**Problem to solve**
Leave out every picture, and restate word for word only the lines from the one containing "Cartera tipo bandolera" through the end of the material.

**Data provided**
┏━━

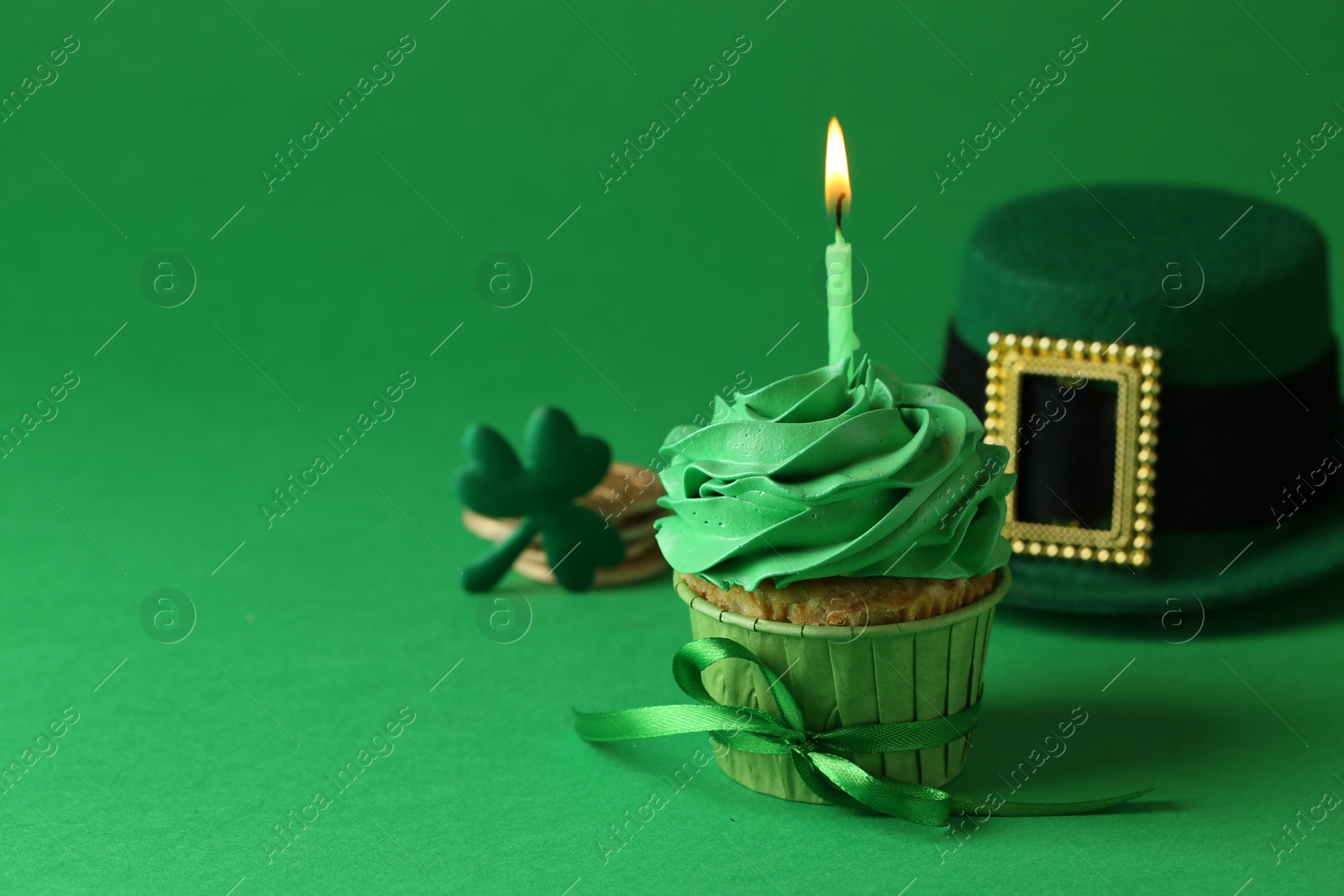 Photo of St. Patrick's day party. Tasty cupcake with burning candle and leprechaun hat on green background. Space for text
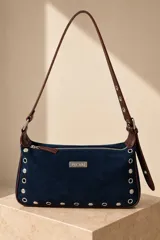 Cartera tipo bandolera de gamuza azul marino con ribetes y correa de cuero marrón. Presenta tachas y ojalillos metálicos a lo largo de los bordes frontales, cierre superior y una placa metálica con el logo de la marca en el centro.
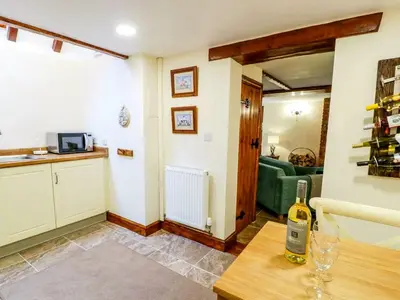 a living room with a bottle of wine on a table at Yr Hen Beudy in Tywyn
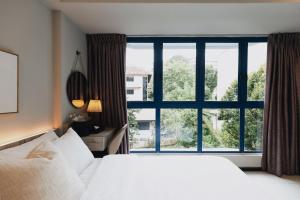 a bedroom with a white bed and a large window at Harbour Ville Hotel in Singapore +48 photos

┗━━

**Written response**
 Cartera tipo bandolera de gamuza azul marino con ribetes y correa de cuero marrón. Presenta tachas y ojalillos metálicos a lo largo de los bordes frontales, cierre superior y una placa metálica con el logo de la marca en el centro.
 a living room with a bottle of wine on a table at Yr Hen Beudy in Tywyn
 a bedroom with a white bed and a large window at Harbour Ville Hotel in Singapore +48 photos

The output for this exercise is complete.